RRAS 2012 Properties


43. Security tab > Change the certificate to the one we created > Apply > Yes > OK > Close the console.


Change SSTP Certificate


Windows Server 2012 - Connect to SSTP from a Remote Client


At this point I have the correct ports open on the firewall, and I'm on a Windows 7 client outside the corporate network.


44. Because we are using a self signed certificate, we need to get the client to trust it. We can give the user the root certificate, or they can connect and download it, here I'm connecting to the Certificate Services web portal. Note: Remember that's on the same server.


Certificate Services URL


45. Supply your domain credentials > OK > Download a CA Certificate > Download CA Certificate > Save As.


Domain Credential format


46. Put the certificate somewhere, and call it something sensible.


Save Root Cert CA


47. Now launch an MMC on the client machine, and add the certificate snap-in (for 'computer account').


Certificate Console


48. Drill down to Trusted Root Certification authorities > Certificates > All Tasks > Import > Navigate to, and select the certificate you just downloaded.
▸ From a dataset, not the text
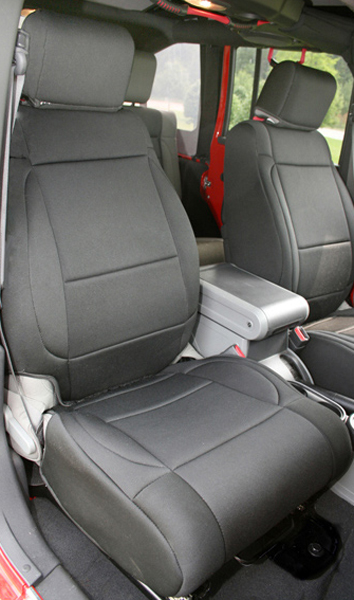 Jeep Wrangler JK Neoprene Front Seat Covers With ABS Flaps-Pair (2007-2010) - Color:Black/Red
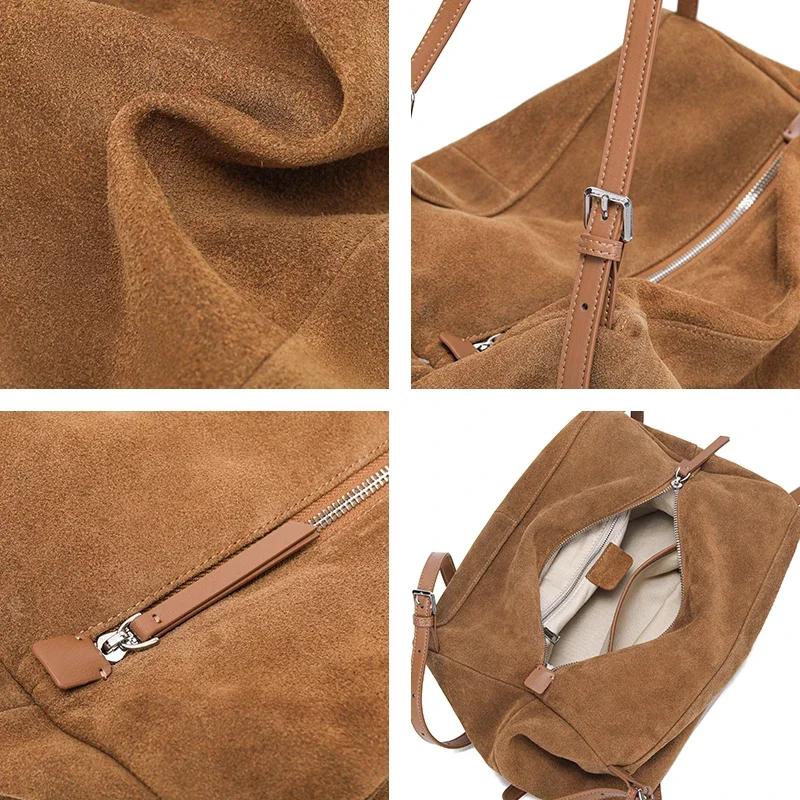 Sacs à main en cuir véritable Nuede naturel pour femmes, sac fourre-tout de grande capacité, sac de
Note: If you double click the cert and import it manually, then it gets put into the user account NOT the computer account, and this will cause you problems. (Error 0x800b0109).


Import Root Cert


Registry Key Required for SSTP Access


The title is not really true, but as we are using a self signed certificate the client cannot check the CRL for the CA. Even with some purchased certificates you may need to to do this.


49. Open the registry editor and navigate to:


HKLM > SYSTEM > Current > CurrentControlSet > services > SstpSvc > Parameters




50. Create a new 32 bit DWORD called NoCertRevocationCheck and set its value to 1 (one).




Setup a SSTP VPN Connection


51. Open the Network and sharing Center.


Network connections


52. Setup a new connection or network.




53. Connect to a workplace.


Connect to Workplace


54. Use my Internet Connection.


Use ISP for VPN


55. Supply the Internet Address (that matches the common name you used above) > Next.


Configure Client SSTP VPN


56. Supply your domain credentials > Connect.


VPN Credentials


57. Connected successfully.


Note: If it fails at this point, it usually gives you an error code you can Google, or it gives you the option of logging for you to troubleshoot.


SSTP Connected


58. Just to prove I'm connected, this client can ping the SSTP servers private address.